Nous jugeons positive la refonte du mode de calcul opérée ces derniers mois, dans la mesure où elle intègre davantage de données objectives. Plutôt que les coûts d'approvisionnement déclarés par EDF, elle prend par exemple en compte l'évolution des prix du marché de gros de l'électricité, ce qui est une bonne chose dans la mesure où, ces prix étant actuellement au plus bas, il était incohérent d'augmenter de 5 % par an le tarif de l'électricité. Reste que cette refonte ne règle pas la question des coûts commerciaux, qui demeurent évalués à partir des seules déclarations d'EDF. La CRE ne peut donc faire autrement que de valider, sachant qu'in fine ils seront « solvabilisés » par la hausse des TRV. D'où la nécessité, à nos yeux, de conférer à la CRE un pouvoir normatif.
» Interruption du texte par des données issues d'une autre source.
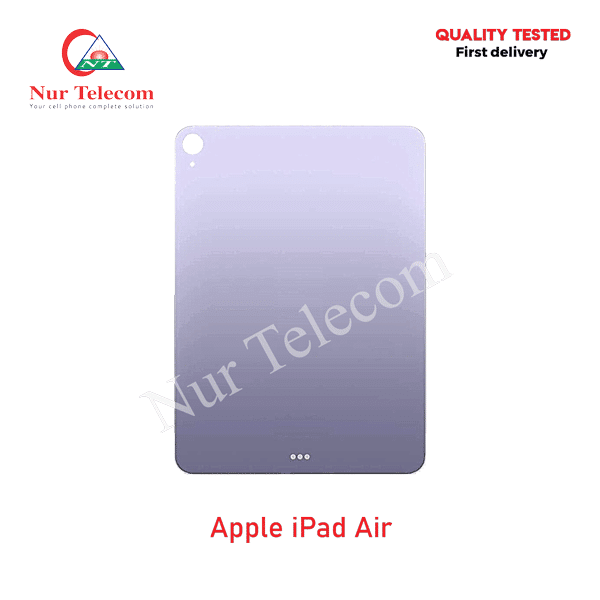 Apple iPad Air Backshell Price Price in Bangladesh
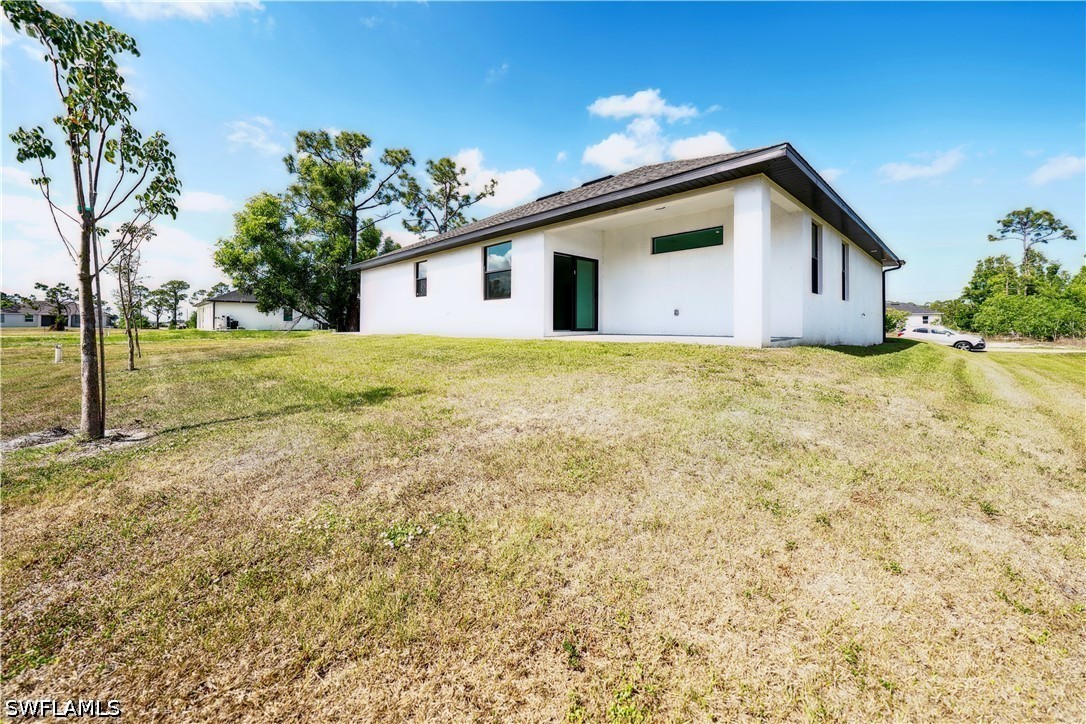 3 Bed SingleFamilyResidence for Sale in Cape Coral, FL — photo 20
J'en viens ensuite à la responsabilité de l'État actionnaire dans cette dérive des coûts. Soyons francs : EDF, ex-monopole historique, a toujours été une entreprise « confortable » pour ses salariés. Sans y être hostiles et sans nullement défendre un quelconque moins-disant social, nous considérons cependant qu'une augmentation des coûts d'exploitation de l'ordre de 5 % par an n'est acceptable que si elle ne se traduit pas immédiatement par une amélioration proportionnelle de la facture présentée aux consommateurs. Il y a ici un juste milieu à trouver entre l'intérêt des salariés et celui des consommateurs.

Se pose ensuite la question des dividendes. Tandis que les entreprises du CAC40 distribuent en moyenne 40 à 50 % de leur bénéfice net à leurs actionnaires, la part du bénéfice d'EDF affectée aux dividendes est supérieure à 60 %, ce qui fait de l'État un actionnaire plus gourmand que le plus vorace des fonds de pension américains actionnaire d'un groupe privé ! Certes, les termes du débat ont un peu évolué depuis la loi sur la transition énergétique, qui prévoit qu'une partie de ces dividendes seront fléchés vers les investissements d'avenir, mais nous insistons sur la nécessité d'une équitable répartition des charges et appelons l'État à au moins aligner sa politique actionnariale sur celle des entreprises du CAC40. Cela permettrait de soustraire quelques centaines de millions d'euros aux dividendes pour financer les investissements d'EDF, sans qu'il soit besoin de toucher aux tarifs.